Jeff Vande Zande on 2009
Throughout 2009, as I would be driving home from work, I’d get this image in my head that I was actually driving in this huge palm. The driving gave me the false sense that I was in control, but actually that palm could squeeze into a fist at any time and crush me… and there was nothing I could do about it. I guess all of this stemmed from listening to and watching the news. We can easily become victims of the decisions of others, simply because they wield power. We can be sent to wars that non-soldiers want us to fight; we can unknowingly ingest dioxins because some big company needs to make profitable chemicals; we can lose our jobs, our house, and our futures because the banks decide to gamble our money in real estate. We can be almost instantly destroyed in a nuclear attack. I guess in 2009 I became aware of myself as especially small and powerless… though that might also have something to do with closing in on 40 years old.

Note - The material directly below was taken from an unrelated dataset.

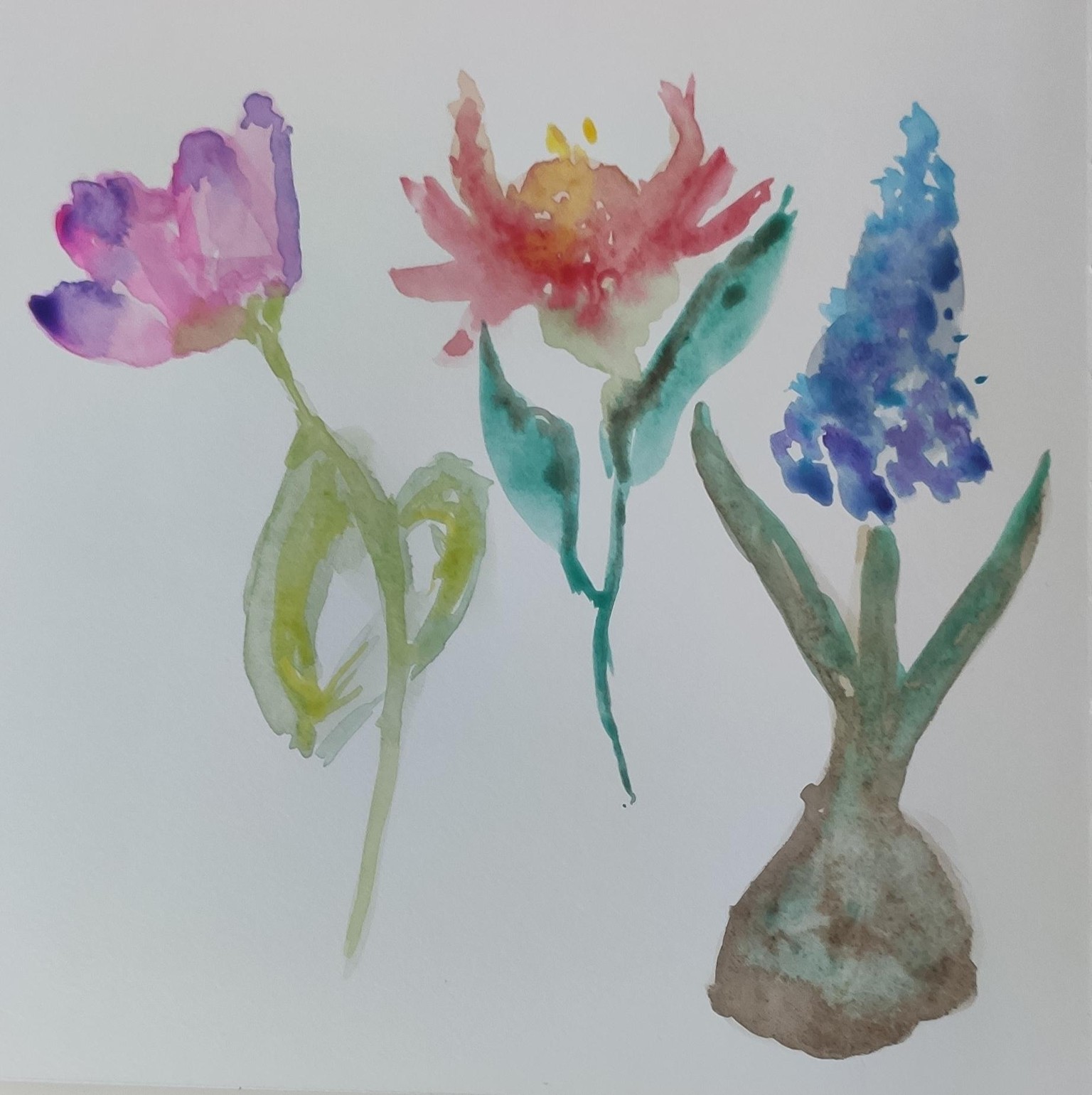 Brushstrokes - image 3 - student project
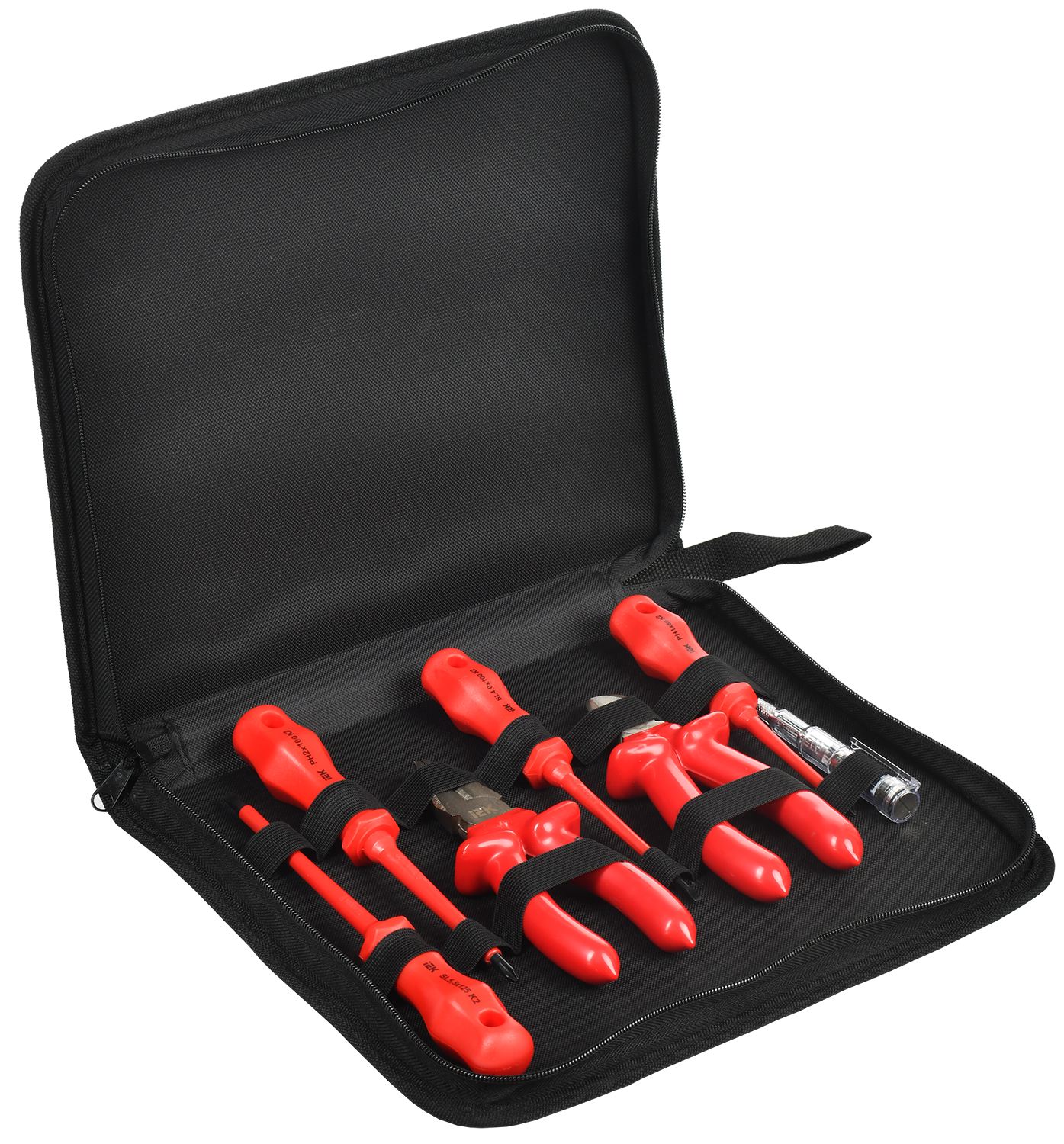 ARMA2L 3 Набор диэлектрического инструмента N-02 K2 7шт IEK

On an unrelated/related note, I remember that I was standing outside my son’s room listening to him play a Robin Hood video game on his computer. In the game, as he (Robin Hood/my son) would kill castle guards, Robin Hood would quip, “I’ll send your widow a purse” through the computer’s speakers. For whatever reason, I started thinking about that widow and her poor dead husband. He only wanted a job to bring home money for his family. He didn’t want to get caught up in the hatred between the Sheriff and Robin Hood. The guard was a nameless victim — simply because he needed the money and couldn’t walk away from the job. And so, I thought I would write a story from the widow’s point of view. For whatever reason, I thought it was going to be witty, but it turned out deeply sad and tragic. I guess what happened is that all those powerless feelings I’d been having in 2009 manifested themselves in the story of this helpless widow. It was a concept sprung from a video game based on folklore. After I started the story, entitled “The Major Players”, I realized that I was actually using the concept to say something, hopefully “necessary”, about our contemporary world.